**What this task involves**
What you write should match, word for word, the lines from the one containing "Facade/entrance in Baan Aew Pai" through the end of the data, with no pictures.

**Provided data**
======

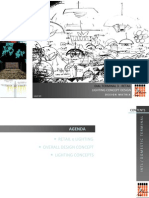 Lighting Concept Design: Dial Terminal 3 Retail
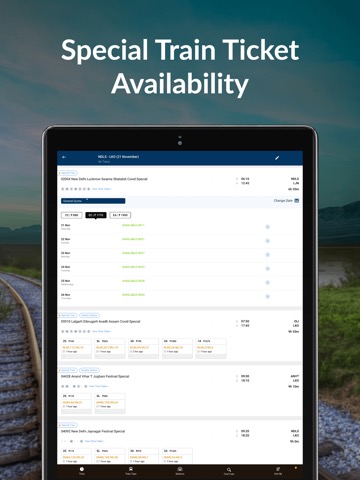 Train Ticket App : RailYatriのおすすめ画像6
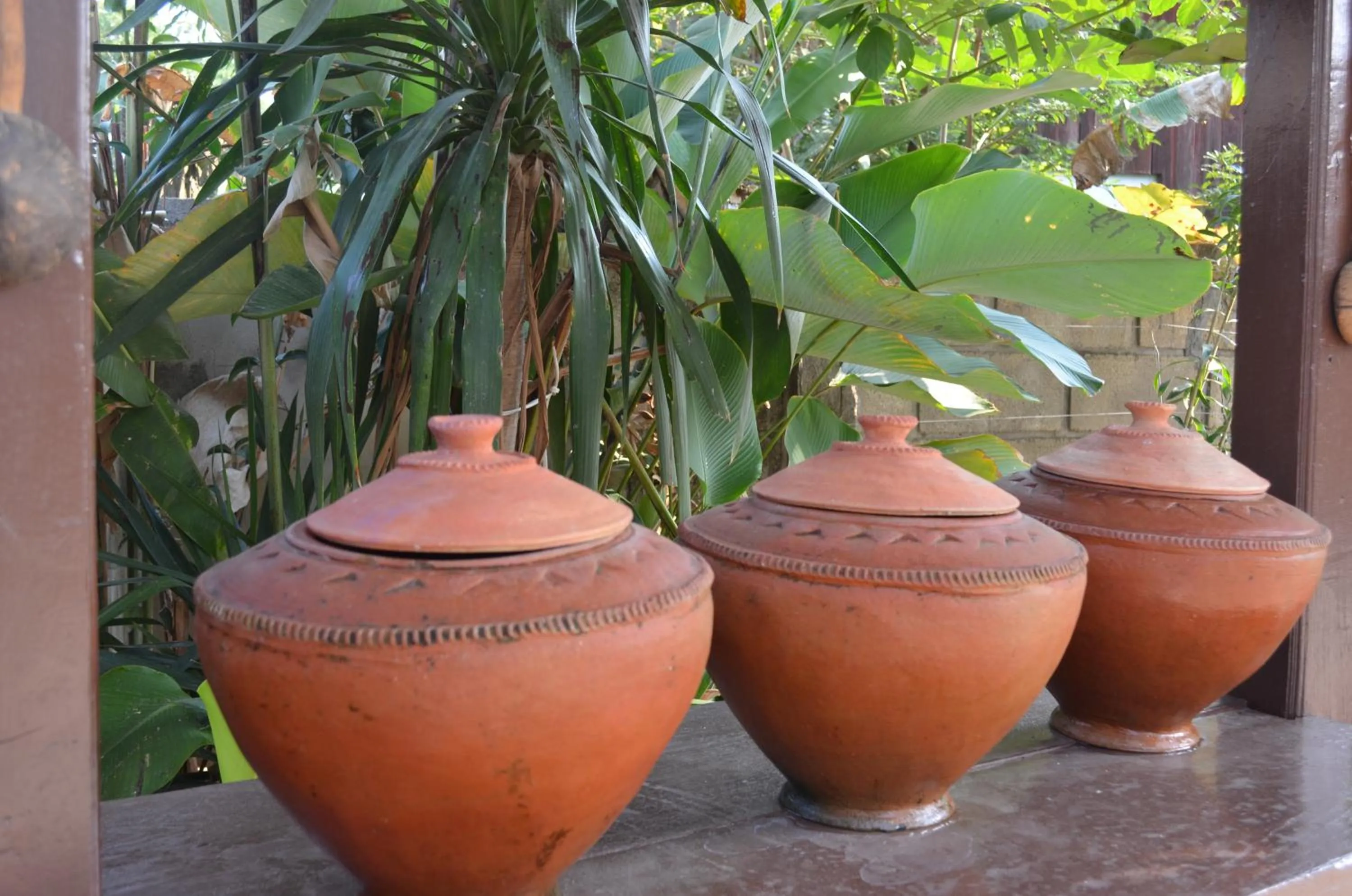 Facade/entrance in Baan Aew Pai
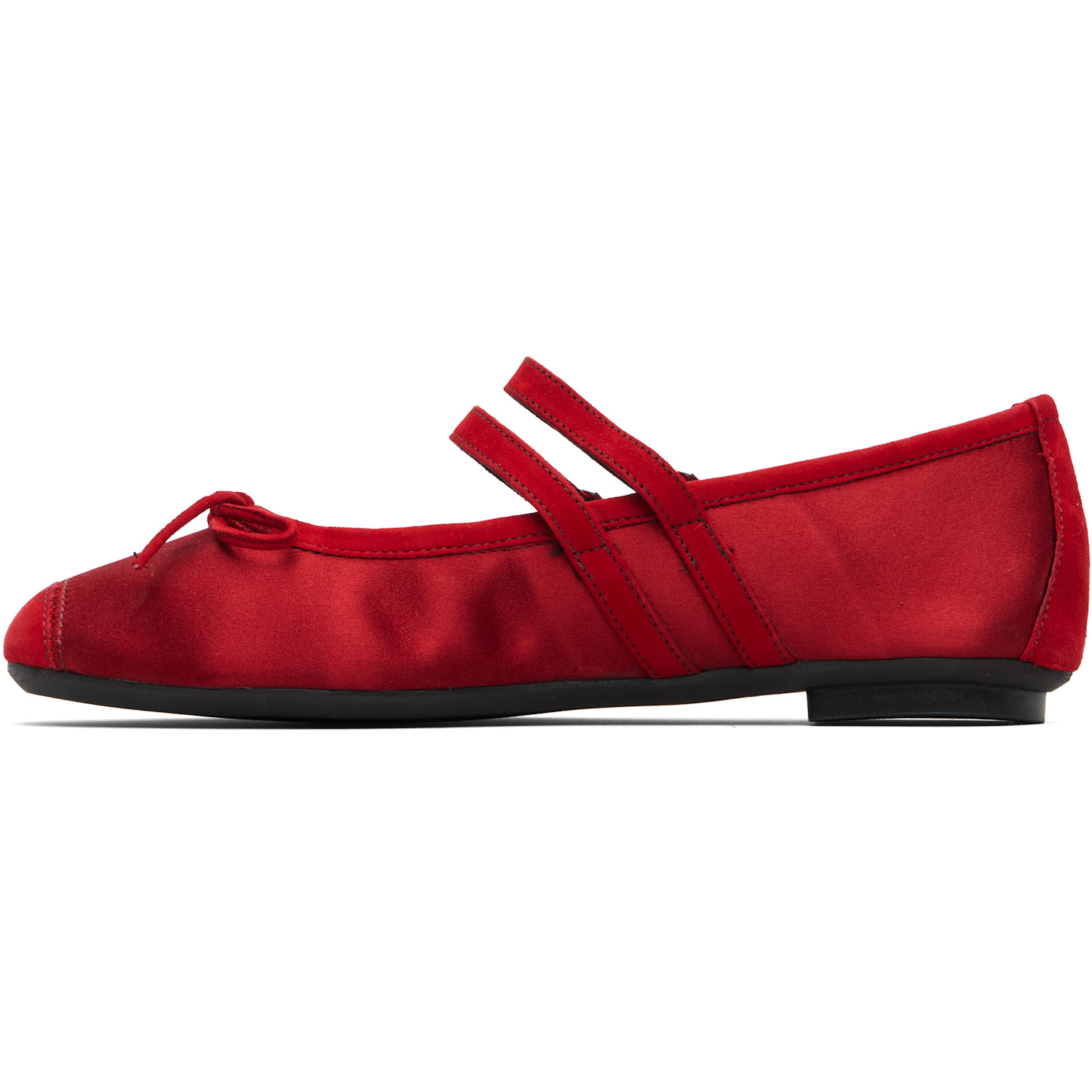  Hai Red Reqins Edition Hemily Ballerina Flats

======

**Reply**
 Facade/entrance in Baan Aew Pai
  Hai Red Reqins Edition Hemily Ballerina Flats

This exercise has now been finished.